Now it is only sheep and birds who call the islands their permanent home. Some houses have been renovated where scientists stay to study the marine and bird life on and around the islands while there are some holiday homes but the islands are, in essence, uninhabited.
Therein lies some of the curiosity in visiting the south island. You walk along the old homes of islanders and can only imagine how emotional and difficult the final departure from their homes in the 1930s must have been.
For all the perils of island existence, this must have been a wonderful place to call home. There’s a charm about island living generally and the Inishkeas are as idyllic as any Irish island I’ve ever seen.

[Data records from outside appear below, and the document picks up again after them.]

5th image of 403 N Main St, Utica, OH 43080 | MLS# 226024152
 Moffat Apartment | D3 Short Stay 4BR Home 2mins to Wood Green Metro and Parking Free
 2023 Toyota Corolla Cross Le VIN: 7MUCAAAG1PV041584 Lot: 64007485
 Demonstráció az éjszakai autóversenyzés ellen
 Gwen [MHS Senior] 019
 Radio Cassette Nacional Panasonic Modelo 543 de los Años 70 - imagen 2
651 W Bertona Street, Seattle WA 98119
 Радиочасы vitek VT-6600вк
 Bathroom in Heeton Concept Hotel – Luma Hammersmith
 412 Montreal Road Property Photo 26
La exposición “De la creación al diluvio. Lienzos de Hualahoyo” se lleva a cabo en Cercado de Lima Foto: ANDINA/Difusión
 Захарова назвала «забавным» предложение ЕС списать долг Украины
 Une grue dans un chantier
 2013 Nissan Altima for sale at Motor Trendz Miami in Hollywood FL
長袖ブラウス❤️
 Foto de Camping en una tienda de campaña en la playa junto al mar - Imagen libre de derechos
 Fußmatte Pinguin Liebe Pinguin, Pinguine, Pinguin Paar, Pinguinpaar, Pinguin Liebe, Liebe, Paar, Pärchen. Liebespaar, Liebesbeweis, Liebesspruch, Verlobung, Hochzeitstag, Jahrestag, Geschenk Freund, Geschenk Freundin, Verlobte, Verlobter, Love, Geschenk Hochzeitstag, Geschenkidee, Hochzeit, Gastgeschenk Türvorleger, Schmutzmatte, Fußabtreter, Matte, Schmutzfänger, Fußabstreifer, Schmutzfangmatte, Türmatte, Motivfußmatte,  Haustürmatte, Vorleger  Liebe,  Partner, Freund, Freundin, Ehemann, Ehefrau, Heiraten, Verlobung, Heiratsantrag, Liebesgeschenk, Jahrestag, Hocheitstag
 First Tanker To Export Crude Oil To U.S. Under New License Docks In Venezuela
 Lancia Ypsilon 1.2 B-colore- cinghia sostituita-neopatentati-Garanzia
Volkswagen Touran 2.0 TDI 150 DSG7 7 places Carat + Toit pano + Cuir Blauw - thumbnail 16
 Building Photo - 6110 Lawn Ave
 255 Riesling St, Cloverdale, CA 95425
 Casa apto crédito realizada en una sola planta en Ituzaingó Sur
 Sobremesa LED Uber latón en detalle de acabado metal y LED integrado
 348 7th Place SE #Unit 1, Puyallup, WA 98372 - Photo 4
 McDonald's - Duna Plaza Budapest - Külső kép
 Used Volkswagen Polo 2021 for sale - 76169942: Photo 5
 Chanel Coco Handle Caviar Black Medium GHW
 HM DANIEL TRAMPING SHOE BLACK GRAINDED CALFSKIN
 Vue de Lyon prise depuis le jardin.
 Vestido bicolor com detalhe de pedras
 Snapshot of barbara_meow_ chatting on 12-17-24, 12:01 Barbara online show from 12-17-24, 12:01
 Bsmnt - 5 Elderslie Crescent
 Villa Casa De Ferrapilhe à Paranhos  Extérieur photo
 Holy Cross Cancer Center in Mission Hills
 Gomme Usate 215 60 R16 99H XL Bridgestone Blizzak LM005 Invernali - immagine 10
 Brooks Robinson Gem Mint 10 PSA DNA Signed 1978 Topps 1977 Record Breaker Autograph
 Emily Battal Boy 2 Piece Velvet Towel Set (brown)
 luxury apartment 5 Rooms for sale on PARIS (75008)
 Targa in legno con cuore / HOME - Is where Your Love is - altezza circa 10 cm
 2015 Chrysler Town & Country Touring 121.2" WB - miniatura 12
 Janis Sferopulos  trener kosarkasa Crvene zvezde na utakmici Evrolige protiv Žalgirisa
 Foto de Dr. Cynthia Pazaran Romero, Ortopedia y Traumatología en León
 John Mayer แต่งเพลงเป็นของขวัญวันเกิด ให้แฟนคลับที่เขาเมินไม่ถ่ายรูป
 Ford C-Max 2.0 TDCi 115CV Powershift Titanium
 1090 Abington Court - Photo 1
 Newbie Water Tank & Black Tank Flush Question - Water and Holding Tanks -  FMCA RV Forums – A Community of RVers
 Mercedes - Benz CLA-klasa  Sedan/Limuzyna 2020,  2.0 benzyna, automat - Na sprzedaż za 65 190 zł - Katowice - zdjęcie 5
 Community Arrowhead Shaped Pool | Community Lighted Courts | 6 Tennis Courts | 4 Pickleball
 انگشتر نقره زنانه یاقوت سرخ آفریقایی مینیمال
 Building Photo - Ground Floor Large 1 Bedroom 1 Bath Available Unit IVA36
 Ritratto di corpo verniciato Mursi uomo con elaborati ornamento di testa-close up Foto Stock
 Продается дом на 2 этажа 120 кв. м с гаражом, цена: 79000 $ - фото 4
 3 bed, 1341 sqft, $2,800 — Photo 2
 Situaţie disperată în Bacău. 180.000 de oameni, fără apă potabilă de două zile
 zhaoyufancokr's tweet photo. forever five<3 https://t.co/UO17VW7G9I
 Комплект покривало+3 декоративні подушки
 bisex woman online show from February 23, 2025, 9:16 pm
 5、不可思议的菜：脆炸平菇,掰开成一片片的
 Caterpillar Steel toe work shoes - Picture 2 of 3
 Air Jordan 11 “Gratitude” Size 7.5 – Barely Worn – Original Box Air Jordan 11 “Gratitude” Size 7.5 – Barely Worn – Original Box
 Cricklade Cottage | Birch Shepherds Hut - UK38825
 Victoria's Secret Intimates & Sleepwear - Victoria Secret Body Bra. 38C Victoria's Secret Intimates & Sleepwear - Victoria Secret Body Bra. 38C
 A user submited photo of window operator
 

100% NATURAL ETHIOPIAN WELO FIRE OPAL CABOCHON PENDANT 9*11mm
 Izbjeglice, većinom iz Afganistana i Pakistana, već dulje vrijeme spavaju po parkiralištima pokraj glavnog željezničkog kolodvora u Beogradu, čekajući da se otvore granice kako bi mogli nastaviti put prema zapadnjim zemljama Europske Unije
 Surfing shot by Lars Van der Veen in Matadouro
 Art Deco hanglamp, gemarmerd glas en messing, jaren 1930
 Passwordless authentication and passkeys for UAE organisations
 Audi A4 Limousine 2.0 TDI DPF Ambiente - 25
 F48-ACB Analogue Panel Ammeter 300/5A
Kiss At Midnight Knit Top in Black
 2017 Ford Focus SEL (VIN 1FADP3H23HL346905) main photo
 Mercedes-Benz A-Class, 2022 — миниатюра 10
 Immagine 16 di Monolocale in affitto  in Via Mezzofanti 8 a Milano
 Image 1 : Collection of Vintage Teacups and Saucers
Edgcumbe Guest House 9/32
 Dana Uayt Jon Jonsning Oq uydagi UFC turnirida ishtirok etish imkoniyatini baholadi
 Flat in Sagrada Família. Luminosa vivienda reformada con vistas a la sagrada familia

Panoramic views of Achill Head, the Mullet peninsula and large stretches of the west Mayo coast must have made this place feel like paradise to islanders on clear, calm days.
The wild ravages of the winter might have been another story but the peace and solitude of the island life must have been one of its most charming attractions for the islanders.
Perhaps it was that serenity which instinctively led the young boy on the beach to sense he was somewhere very different.
Maybe us breaking that serenity is why some of those who call the island home in 2016 were not best pleased to see us visit.
On Rusheen, a tidal island just to the east of Inishkea South, lie the ruins of what was once a Norwegian whaling station. When we explore there a low flying gull swoops low towards this writer several times. I get the message and head back to the main island.
It is nesting season and the birds have made the most of the uninhabited island to find space for themselves. They are the modern day high kings of the Inishkeas.
A short climb to the high point of the south island reinforces this. There’s a fabulous view down towards the north island but the joy of taking in that vista is soon shattered by another local gull, marking its territory.
If I wasn’t clear, a few swoops to barely a couple of feet over my head confirmed as much. The camera was used partly to take pictures but mainly to protect by face as I made a hasty retreat.
Down by what was the main living area on the south island the ruins of the cottages stand as testament to the social history of the island. The old national school retains enough of the typical structure of an 19th century country school to make it stand apart from the houses.
A walk up a green road towards the south side of the island is evocative. The walls channeling either side confirm this once was an artery on the island. Your mind’s eye imagines the islanders trekking along here with sheep or possibly kelp, going about their daily business. This was their home but they were forced to leave it all behind.
Our friendly skipper Ged Keane tells us that seals gather in a cove on the south of the island but we will be lucky to see them as the tide is going out. We take a chance and arrive just in time. Four of them are still there, three bobbing up and down in the water, seemingly posing for the camera.
A fourth is more concerned with rest, lying idle on the rocks, content in his home on this beautiful Atlantic island, more adept at dealing with the extremities of the weather than we are.